From the Department of Biostatistics, University of Michigan School of Public Health, Ann Arbor, MI.
Department of Epidemiology, University of Michigan School of Public Health, Ann Arbor, MI.
Epidemiology. 2019 Sep;30(5):746-755. doi: 10.1097/EDE.0000000000001052.
Limit of detection (LOD) issues are ubiquitous in exposure assessment. Although there is an extensive literature on modeling exposure data under such imperfect measurement processes, including likelihood-based methods and multiple imputation, the standard practice continues to be naïve single imputation by a constant (e.g., (Equation is included in full-text article.)). In this article, we consider the situation where, due to the practical logistics of data accrual, sampling, and resource constraints, exposure data are analyzed in multiple batches where the LOD and the proportion of censored observations differ across batches. Compounding this problem is the potential for nonrandom assignment of samples to each batch, often driven by enrollment patterns and biosample storage. This issue is particularly important for binary outcome data where batches may have different levels of outcome enrichment. We first consider variants of existing methods to address varying LODs across multiple batches. We then propose a likelihood-based multiple imputation strategy to impute observations that are below the LOD while simultaneously accounting for differential batch assignment. Our simulation study shows that our proposed method has superior estimation properties (i.e., bias, coverage, statistical efficiency) compared to standard alternatives, provided that distributional assumptions are satisfied. Additionally, in most batch assignment configurations, complete-case analysis can be made unbiased by including batch indicator terms in the analysis model, although this strategy is less efficient relative to the proposed method. We illustrate our method by analyzing data from a cohort study in Puerto Rico that is investigating the relation between endocrine disruptor exposures and preterm birth.

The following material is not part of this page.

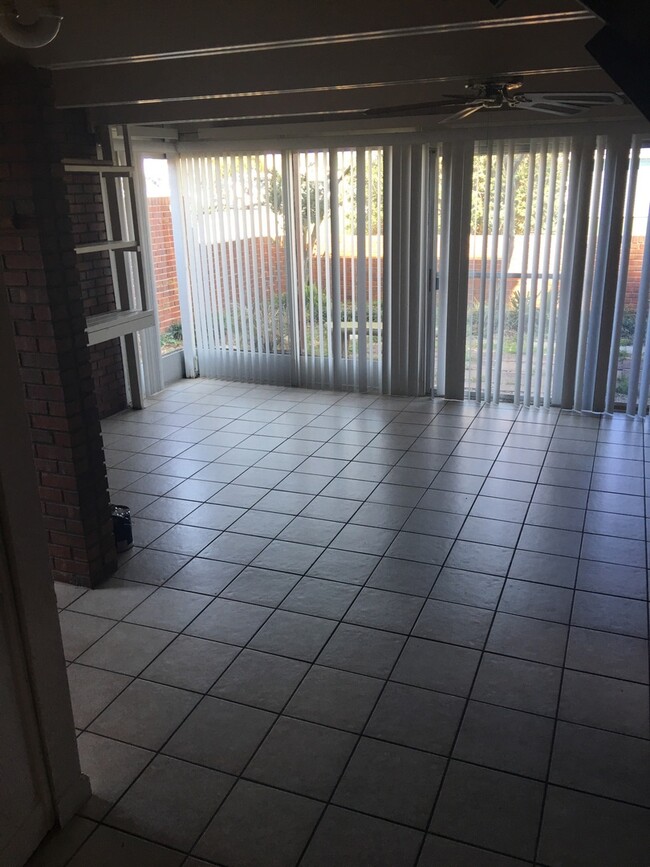 Building Photo - 3/2.5 Close to TMH and Governor Square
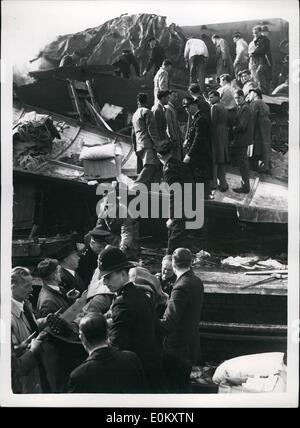 10 octobre 1952 - Grand nombre de tués dans la triple catastrophe.. Prenant une victime sur un brancard : on estime que la peine de rouleau peut même être aussi haut que 100 à la suite de l'accident de train triple à Harrow et Wealdstone Station ce matin. L'accident était entre la nuit à l'OOT Eston- l'Euston à Liverpool Express - et un train local - Watford à Londres. L'un des trains dans la gare la plate-forme et le pont ferroviaire sur Wealdstone High Street s'est effondré. Photo : Une des victimes est décollé sur une civière - après la catastrophe de la Herse. Banque D'Images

检测限 (LOD) 问题在暴露评估中普遍存在。尽管有大量关于在这种不完美测量过程下建模暴露数据的文献,包括基于似然的方法和多重插补,但标准做法仍然是通过常数进行简单的单一插补(例如,(方程包含在全文中))。在本文中,我们考虑了由于数据积累、采样和资源限制的实际后勤问题,暴露数据在多个批次中进行分析的情况,其中每个批次的 LOD 和被删失观察的比例都不同。使这个问题更加复杂的是,样本被非随机分配到每个批次的可能性,这通常是由入组模式和生物样本储存驱动的。对于二项结局数据,这个问题尤其重要,因为批次可能具有不同的结局富集水平。我们首先考虑了现有方法的变体,以解决多个批次中 LOD 不同的问题。然后,我们提出了一种基于似然的多重插补策略,在对低于 LOD 的观察进行插补的同时,同时考虑到批次分配的差异。我们的模拟研究表明,我们提出的方法具有优越的估计特性(即偏差、覆盖率、统计效率),与标准替代方法相比,前提是满足分布假设。此外,在大多数批次分配配置中,通过在分析模型中包含批次指示项,可以使完全案例分析无偏,尽管与提出的方法相比,这种策略效率较低。我们通过分析波多黎各一项队列研究的数据来说明我们的方法,该研究正在调查内分泌干扰物暴露与早产之间的关系。